Target molecules for which we want to prepare ‘artificial binding sites’ or ‘molecular imprints’, which are normally large complex protein molecules, are identified and selected as ‘template molecules. These template molecules are added to a mixture of ‘monomers’ and ‘activators’ and thoroughly mixed. This mixture is allowed to undergo a process of ‘self assembling’ and ‘polymerization’, which is actually a ‘guest-host’ molecular complex, in which the template molecules are trapped in a hardened polymer matrix which act as ‘host’. This ‘host-guest’ complex is pulverized, and subjected to a process of ‘solvent extraction’, by which soluble template molecules are remove from insoluble polymer matrix. The resultant preparation consists of polymer matrix carrying empty spaces or ‘cavities’ where the template molecules were originally trapped. These cavities are called ‘molecular imprints’, which actually mimic the spacial configuration of template molecules. Due to this complementary configuration, these ‘molecular imprints’ exhibit a special affinity towards original template molecules, and act as ‘artificial binding sites’ for them. Due to this special affinity, they could be used as substitutes for biological receptors in certain formats of immunoassays and bio-sensors.

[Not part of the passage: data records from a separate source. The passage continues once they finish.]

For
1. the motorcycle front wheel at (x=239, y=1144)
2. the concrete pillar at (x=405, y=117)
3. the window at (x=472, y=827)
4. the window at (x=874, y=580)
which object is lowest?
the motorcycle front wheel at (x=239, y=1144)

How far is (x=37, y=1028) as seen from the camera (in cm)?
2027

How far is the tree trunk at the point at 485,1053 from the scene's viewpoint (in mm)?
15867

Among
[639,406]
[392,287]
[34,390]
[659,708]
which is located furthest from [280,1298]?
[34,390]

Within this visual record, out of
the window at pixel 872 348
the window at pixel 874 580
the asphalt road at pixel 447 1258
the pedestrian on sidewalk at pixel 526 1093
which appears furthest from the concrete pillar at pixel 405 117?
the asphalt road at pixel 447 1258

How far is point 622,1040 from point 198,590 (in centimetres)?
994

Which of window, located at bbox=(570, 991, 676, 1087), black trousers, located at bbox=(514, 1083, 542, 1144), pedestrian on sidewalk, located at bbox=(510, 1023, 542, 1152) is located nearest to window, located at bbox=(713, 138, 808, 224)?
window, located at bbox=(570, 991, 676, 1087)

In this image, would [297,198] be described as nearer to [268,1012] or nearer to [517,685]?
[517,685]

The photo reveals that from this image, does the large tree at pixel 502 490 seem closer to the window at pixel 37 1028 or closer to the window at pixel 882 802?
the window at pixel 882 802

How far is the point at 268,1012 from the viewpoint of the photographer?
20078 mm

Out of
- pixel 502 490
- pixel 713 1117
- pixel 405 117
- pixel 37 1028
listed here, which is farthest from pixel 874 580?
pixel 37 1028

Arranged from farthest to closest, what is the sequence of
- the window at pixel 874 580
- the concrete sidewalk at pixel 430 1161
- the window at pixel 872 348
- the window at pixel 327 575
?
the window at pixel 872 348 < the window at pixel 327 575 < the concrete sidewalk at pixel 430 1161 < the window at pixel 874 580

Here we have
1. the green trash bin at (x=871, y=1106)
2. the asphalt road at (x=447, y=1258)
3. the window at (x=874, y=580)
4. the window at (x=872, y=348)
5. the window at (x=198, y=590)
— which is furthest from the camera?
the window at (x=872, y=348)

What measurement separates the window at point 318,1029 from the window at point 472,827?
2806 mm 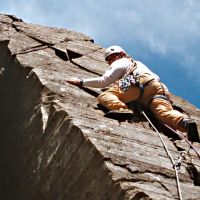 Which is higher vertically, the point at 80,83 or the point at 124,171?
the point at 80,83

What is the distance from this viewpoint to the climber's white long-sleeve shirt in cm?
770

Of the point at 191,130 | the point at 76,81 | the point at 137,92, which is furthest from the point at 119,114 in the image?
the point at 76,81

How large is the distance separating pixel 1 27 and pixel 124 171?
6.63 metres

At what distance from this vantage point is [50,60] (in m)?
9.43

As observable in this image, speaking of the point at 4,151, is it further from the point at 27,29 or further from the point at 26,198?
the point at 27,29

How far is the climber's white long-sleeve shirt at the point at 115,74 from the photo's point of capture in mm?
7703

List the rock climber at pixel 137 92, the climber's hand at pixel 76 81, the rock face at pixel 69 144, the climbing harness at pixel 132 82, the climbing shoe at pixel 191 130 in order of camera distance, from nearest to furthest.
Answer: the rock face at pixel 69 144 < the climbing shoe at pixel 191 130 < the rock climber at pixel 137 92 < the climbing harness at pixel 132 82 < the climber's hand at pixel 76 81

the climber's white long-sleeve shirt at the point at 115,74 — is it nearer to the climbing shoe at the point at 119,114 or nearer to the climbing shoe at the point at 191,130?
the climbing shoe at the point at 119,114

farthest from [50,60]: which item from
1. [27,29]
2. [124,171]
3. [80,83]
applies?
[124,171]

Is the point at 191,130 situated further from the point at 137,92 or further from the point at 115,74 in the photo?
the point at 115,74

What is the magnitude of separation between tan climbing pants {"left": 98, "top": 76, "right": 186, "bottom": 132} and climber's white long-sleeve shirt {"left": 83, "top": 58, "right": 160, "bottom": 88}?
20cm

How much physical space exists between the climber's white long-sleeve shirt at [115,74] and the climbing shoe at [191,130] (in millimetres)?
1062

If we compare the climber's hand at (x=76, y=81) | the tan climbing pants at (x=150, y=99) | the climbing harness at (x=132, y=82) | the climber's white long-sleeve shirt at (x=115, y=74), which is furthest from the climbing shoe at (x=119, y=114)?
the climber's hand at (x=76, y=81)

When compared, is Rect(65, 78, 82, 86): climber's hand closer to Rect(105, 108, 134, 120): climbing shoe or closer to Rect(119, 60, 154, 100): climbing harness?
Rect(119, 60, 154, 100): climbing harness
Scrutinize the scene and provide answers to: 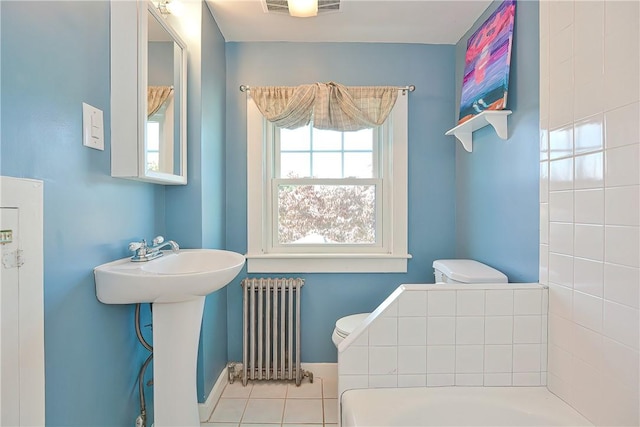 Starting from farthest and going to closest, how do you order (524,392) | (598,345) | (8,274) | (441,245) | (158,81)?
(441,245) → (158,81) → (524,392) → (598,345) → (8,274)

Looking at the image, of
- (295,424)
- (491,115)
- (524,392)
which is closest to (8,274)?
(295,424)

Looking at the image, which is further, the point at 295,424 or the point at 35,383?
the point at 295,424

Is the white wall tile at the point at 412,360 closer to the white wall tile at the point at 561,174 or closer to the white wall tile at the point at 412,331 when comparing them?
the white wall tile at the point at 412,331

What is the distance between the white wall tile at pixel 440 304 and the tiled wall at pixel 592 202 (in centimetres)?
37

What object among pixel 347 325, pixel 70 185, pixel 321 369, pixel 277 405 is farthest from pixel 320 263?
pixel 70 185

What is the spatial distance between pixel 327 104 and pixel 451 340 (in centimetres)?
152

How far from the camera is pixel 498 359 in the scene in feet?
3.85

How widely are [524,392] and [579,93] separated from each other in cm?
106

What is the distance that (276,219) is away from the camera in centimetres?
220

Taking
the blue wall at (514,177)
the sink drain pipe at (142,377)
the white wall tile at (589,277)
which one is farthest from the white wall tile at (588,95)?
the sink drain pipe at (142,377)

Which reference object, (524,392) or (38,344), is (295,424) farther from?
(38,344)

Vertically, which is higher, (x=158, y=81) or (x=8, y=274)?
(x=158, y=81)

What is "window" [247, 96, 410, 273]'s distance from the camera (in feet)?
7.08

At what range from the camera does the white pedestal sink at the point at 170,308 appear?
115 cm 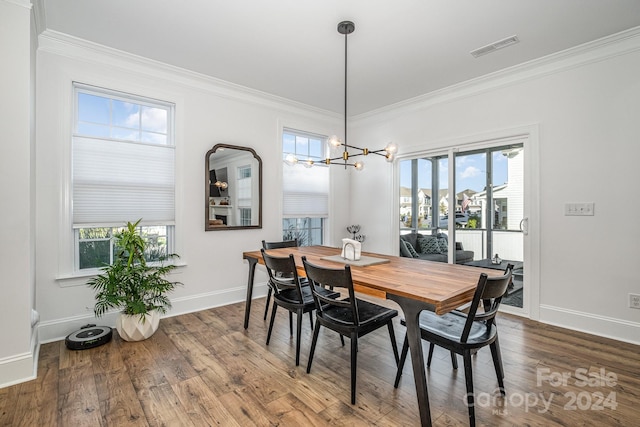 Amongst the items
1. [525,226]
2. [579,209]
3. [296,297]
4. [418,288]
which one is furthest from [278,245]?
[579,209]

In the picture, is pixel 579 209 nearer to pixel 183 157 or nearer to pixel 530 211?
pixel 530 211

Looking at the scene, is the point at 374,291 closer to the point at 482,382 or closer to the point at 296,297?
the point at 296,297

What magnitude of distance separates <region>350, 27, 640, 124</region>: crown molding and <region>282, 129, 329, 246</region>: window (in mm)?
1421

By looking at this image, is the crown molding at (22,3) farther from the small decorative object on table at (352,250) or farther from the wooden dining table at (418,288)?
the small decorative object on table at (352,250)

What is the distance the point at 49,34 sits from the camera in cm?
269

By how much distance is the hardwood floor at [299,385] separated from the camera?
68.9 inches

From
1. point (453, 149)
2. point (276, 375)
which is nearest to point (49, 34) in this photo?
point (276, 375)

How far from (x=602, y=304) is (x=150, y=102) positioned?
497 cm

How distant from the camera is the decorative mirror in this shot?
3705mm

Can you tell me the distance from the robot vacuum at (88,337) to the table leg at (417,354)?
260 centimetres

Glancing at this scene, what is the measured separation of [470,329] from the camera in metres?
1.69

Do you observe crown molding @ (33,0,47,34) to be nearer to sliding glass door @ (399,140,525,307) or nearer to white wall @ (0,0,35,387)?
white wall @ (0,0,35,387)

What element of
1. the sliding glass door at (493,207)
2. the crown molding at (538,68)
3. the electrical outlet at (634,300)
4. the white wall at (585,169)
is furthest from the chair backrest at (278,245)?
the electrical outlet at (634,300)

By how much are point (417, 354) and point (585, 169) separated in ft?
8.84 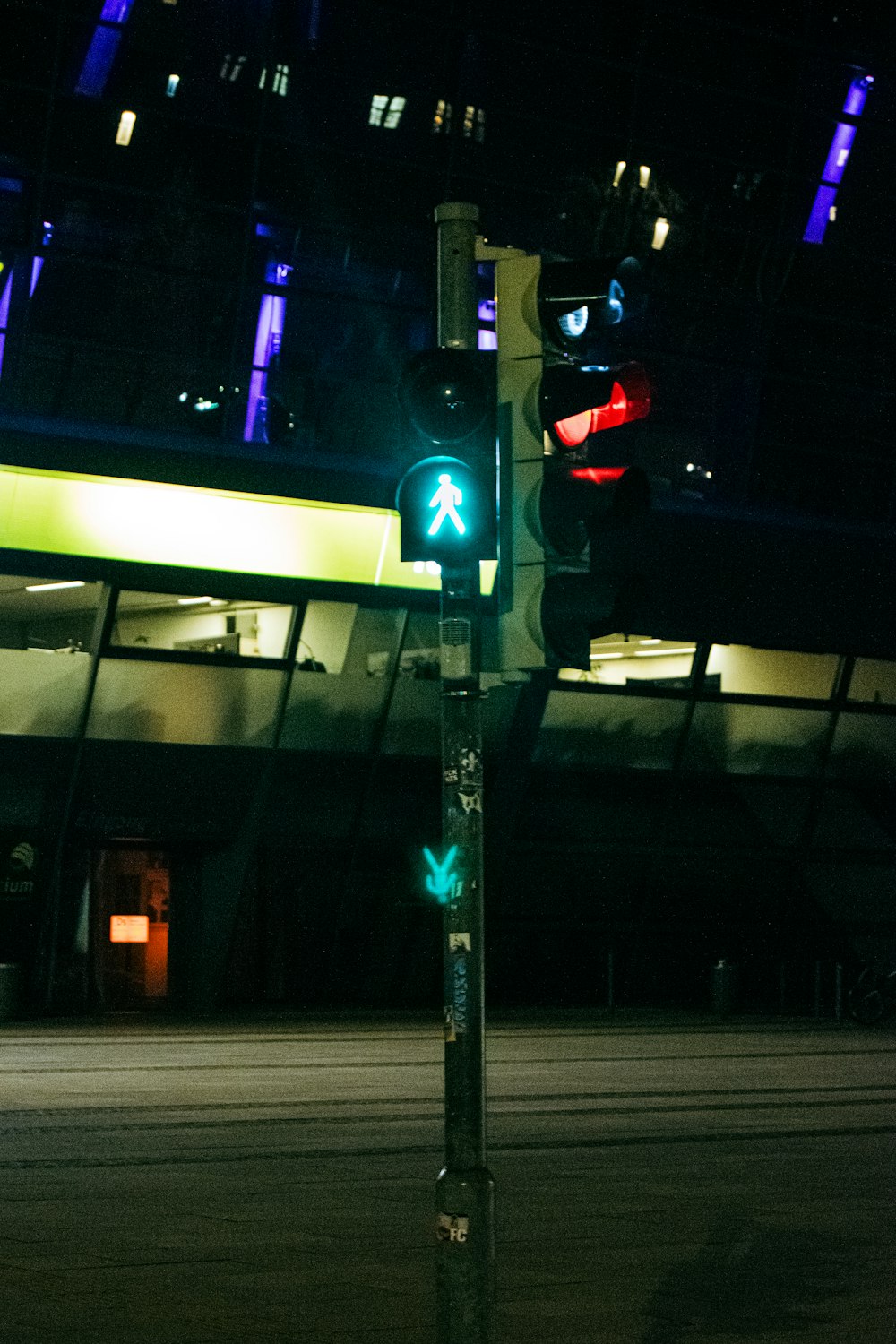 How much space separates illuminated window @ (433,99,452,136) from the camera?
24109 millimetres

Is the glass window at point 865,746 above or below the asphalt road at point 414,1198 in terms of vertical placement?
above

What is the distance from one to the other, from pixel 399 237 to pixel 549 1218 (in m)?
16.8

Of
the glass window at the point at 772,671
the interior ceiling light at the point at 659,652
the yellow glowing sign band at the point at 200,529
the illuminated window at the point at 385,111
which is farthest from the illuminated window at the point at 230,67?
the glass window at the point at 772,671

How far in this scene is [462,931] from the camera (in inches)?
251

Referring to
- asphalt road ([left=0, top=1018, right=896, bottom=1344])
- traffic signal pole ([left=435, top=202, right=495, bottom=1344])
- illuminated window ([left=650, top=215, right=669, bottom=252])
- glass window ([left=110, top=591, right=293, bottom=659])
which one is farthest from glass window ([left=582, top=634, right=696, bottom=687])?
traffic signal pole ([left=435, top=202, right=495, bottom=1344])

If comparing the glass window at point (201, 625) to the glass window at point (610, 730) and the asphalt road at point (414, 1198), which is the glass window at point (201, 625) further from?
the asphalt road at point (414, 1198)

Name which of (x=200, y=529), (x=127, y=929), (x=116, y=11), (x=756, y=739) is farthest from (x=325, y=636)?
(x=116, y=11)

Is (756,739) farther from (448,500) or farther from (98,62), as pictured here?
(448,500)

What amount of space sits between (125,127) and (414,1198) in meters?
16.1

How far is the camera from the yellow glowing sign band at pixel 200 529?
23.0 m

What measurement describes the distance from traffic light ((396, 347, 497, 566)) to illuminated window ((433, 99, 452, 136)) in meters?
18.6

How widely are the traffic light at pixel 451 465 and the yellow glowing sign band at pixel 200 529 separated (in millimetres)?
16290

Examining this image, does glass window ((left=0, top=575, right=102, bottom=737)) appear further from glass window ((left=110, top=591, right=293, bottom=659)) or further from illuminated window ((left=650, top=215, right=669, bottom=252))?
illuminated window ((left=650, top=215, right=669, bottom=252))

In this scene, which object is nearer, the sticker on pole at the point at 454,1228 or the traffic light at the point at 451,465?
the sticker on pole at the point at 454,1228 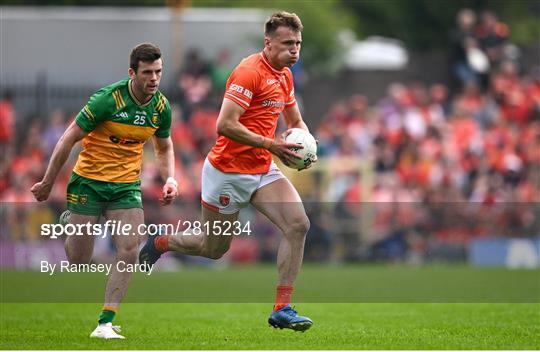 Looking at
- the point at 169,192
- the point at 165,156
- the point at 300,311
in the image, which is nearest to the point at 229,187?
the point at 169,192

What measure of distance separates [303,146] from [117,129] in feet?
5.07

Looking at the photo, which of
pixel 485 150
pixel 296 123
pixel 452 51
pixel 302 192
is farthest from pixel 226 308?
pixel 452 51

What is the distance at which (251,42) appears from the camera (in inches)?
1085

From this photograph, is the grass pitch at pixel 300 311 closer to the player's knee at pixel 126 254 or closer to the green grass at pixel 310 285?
the green grass at pixel 310 285

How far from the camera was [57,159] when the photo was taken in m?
10.1

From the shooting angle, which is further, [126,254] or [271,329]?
[271,329]

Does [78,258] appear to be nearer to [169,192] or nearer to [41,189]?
[41,189]

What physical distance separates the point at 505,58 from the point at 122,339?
702 inches

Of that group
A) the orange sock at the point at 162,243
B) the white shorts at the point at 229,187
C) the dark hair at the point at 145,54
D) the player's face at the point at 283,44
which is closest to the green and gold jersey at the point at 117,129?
the dark hair at the point at 145,54

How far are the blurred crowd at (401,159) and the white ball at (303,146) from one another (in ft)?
35.1

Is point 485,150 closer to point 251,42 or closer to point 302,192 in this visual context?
point 302,192

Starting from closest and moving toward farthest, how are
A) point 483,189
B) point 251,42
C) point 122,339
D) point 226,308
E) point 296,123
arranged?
point 122,339
point 296,123
point 226,308
point 483,189
point 251,42

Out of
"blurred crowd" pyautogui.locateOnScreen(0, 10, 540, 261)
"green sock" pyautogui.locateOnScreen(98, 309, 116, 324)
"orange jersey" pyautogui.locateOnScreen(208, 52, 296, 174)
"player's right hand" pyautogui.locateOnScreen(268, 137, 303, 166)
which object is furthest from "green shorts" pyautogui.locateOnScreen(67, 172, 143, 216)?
"blurred crowd" pyautogui.locateOnScreen(0, 10, 540, 261)

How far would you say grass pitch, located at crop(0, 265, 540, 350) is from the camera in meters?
9.85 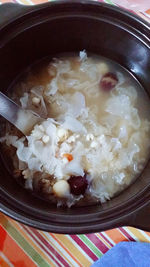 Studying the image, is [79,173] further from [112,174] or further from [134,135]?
[134,135]

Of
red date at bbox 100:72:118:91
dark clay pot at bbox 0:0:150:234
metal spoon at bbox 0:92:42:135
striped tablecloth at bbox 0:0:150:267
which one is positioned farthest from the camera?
red date at bbox 100:72:118:91

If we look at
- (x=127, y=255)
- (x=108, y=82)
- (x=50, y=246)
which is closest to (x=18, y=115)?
(x=108, y=82)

Since ‘molecular imprinted polymers’ prepared by this process are synthetic polymers, they cannot be used as drugs.
Homeopathy uses water-ethyl alcohol mixture as ‘host’ in place of polymers, and drug molecules as ‘templates’ or ‘guests’ for preparing molecular imprints that could be used as drugs. Since molecular imprints prepared by this process consist of only water and ethyl alcohol molecules, they could be safely used as therapeutic agents.
According to my view, homeopathic potentization is actually a biofriendly adaptation of molecular imprinting technology, originally done in polymers.